To summarise the technology, we decided to use a .NET platform as Bite at the time was primarily a .NET shop. Most of the sites we built used Castle Monorail and were variations on a core custom CMS built around Monorail, Windsor, Active Record & NHibernate, however for the CarPlus project we decided to try our hand with Microsoft ASP.NET MVC 4 and the Entity Framework. 

Shortly after development started we decided to swap Entity Framework for MongoDb as it seemed a good fit for the application. Read and write performance was important as was the ability to easily mutate the schema and scale out the back end given that the initial project was a bit of a proof of concept and could easily change direction in terms of data storage and scope. 
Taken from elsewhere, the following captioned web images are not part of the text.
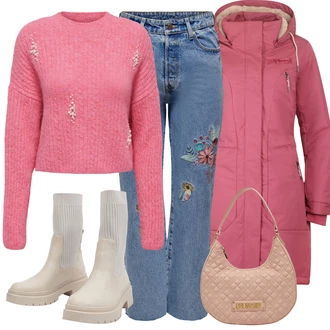Outfit s Růžová Love Moschino "Outfity na zimu"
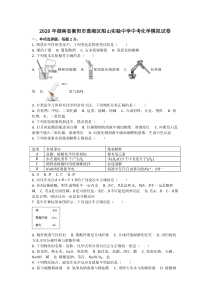 2020年湖南省衡阳市蒸湘区船山实验中学中考化学模拟试卷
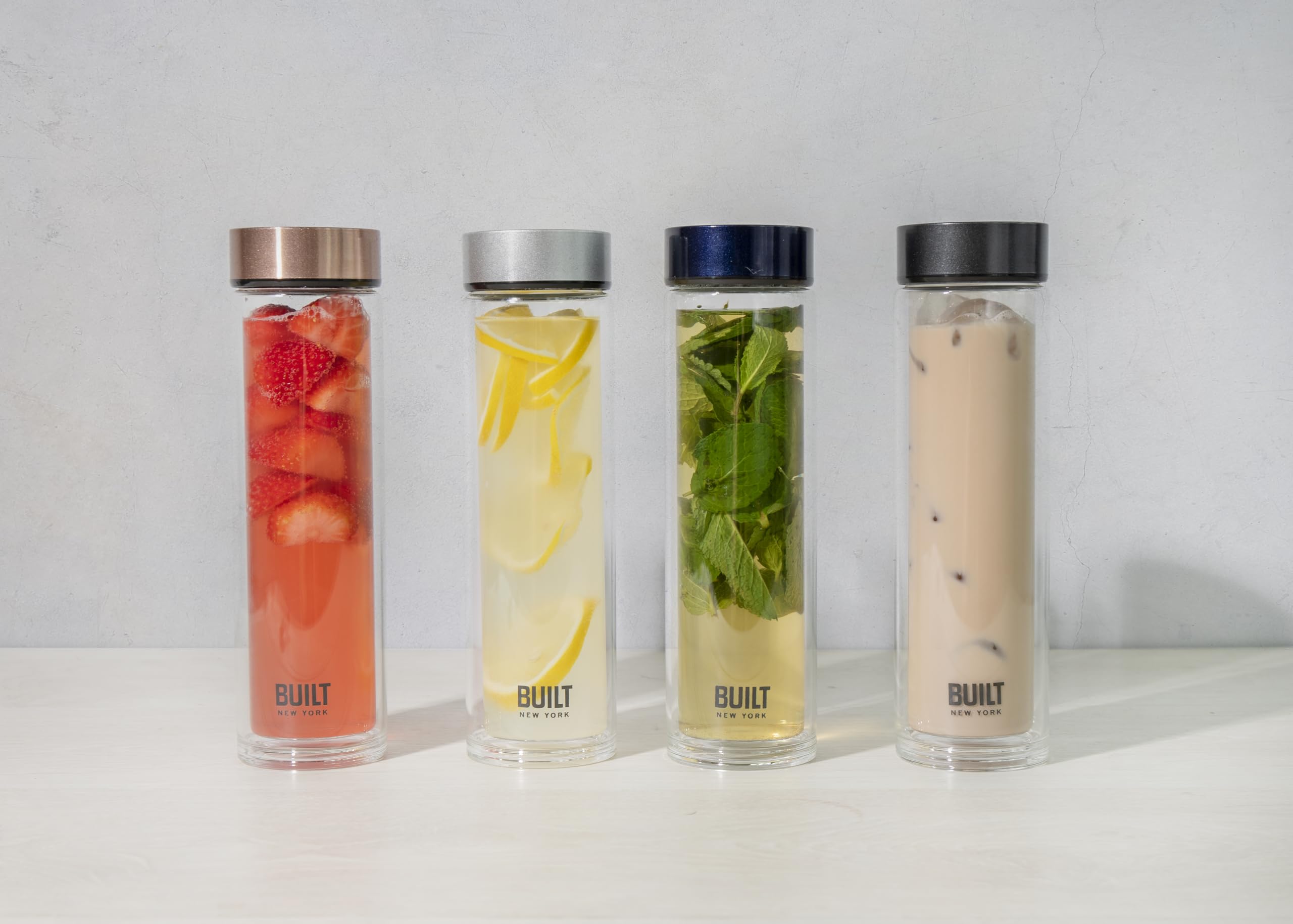 BUILT Tiempo Isolierte Glas-Wasserflasche, BPA-freies Borosilikatglas / Edelstahlflasche, Mitternachtsblau, 450 ml
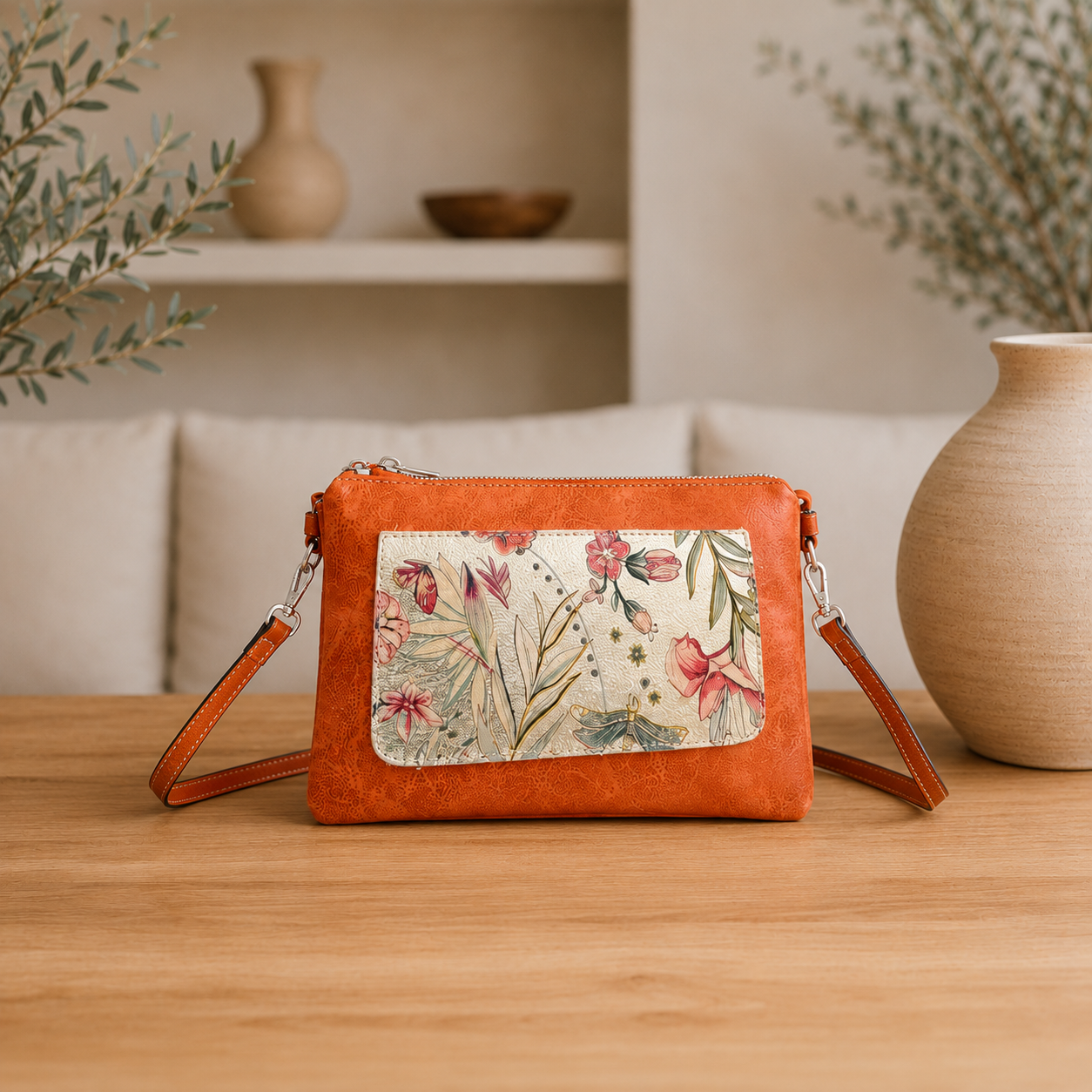 Bolso de cuero con diseño Naranja Bandolera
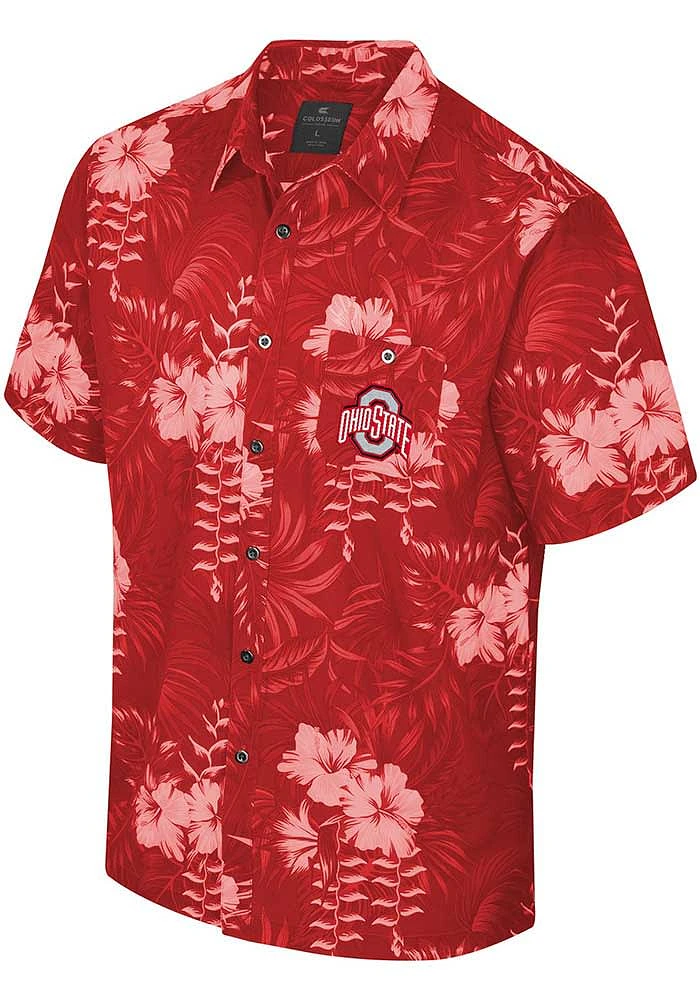 Colosseum Ohio State Buckeyes Mens Red Camino Camp Short Sleeve Dress Shirt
The final part of the stack was knockout.js which we decided to use as a way to provide a rich user interface that could optimise the data interface between the client and server. Further to this as the application would primarily be used on mobile devices having an optimal way to pass data back and forth and minimise the need for page refreshes was a key requirement, something that knockout deals with nicely, once you get to know it. If you haven't used knockout then give it a whirl, they have some excellent tutorials on their site.

Back to the project. One point to note is that having a .NET site between the client side knockout and MongoDb document store was a good fit for our skill set at Bite but from a technical point of view seemed a bit of an odd marriage. We store data as JSON (or more accurately BSON) in Mongo then deserialise this to concrete objects in .NET to work with in the server side code, then we serialise this back to JSON and pass it to the client for knockout to use. So we have this odd change from dynamic to static typing and then back again, which although odd actually works really well especially because the C# driver for Mongo is really nice to work with. There's probably a post in here somewhere, perhaps I'll get round to supplying some example code to show the path of data from the front to back end and vice-versa.

Schema Design

For now though let's look at MongoDb, specifically the way I designed the schema for the application and the pros and cons of my decisions.

This post is partly inspired by a MongoDb Webinar I attended last week, the 2nd in a series of 8, this last instalment was on the subject of schema design and issues to consider when designing an application, something I could have done with last year but you live and learn. It was interesting hearing from the guys at Mongo about this topic as it helped validate some of our thoughts and decisions on this subject as well as highlight some of the down sides. You can see the slide shows of the previous sessions and sign up for the rest of the series here; and I urge you to do this as they are really interesting and will help you if you plan on using MongoDb or indeed if you are already using it.

Anyway back to CarPlus, the application had several key user journeys identified with the main area of the application centring around the owners cars. This became known as the 'Vehicle Manager' and it allows users to swipe between the cars they own (oh to have more than one high end sports Car!) and see related information such as when their MOT is due, images of their vehicle and their preferred and/or nearest service centre amongst other things.

To structure this data in a traditional RDBMS I would follow the methods I was taught at University and identify the entities and relationships involved and produce an ERM to hold the data in a normalised structure, 3rd/4th normal form, no repeating groups, primary and foreign keys, referential integrity and all that jazz. This would be fine for a traditional transactional based system, however it would not be an optimal structure for the needs of this application and as we were taking data from the client's system that would remain the primary store for managing this data, we had no need to model and maintain a highly transactional database.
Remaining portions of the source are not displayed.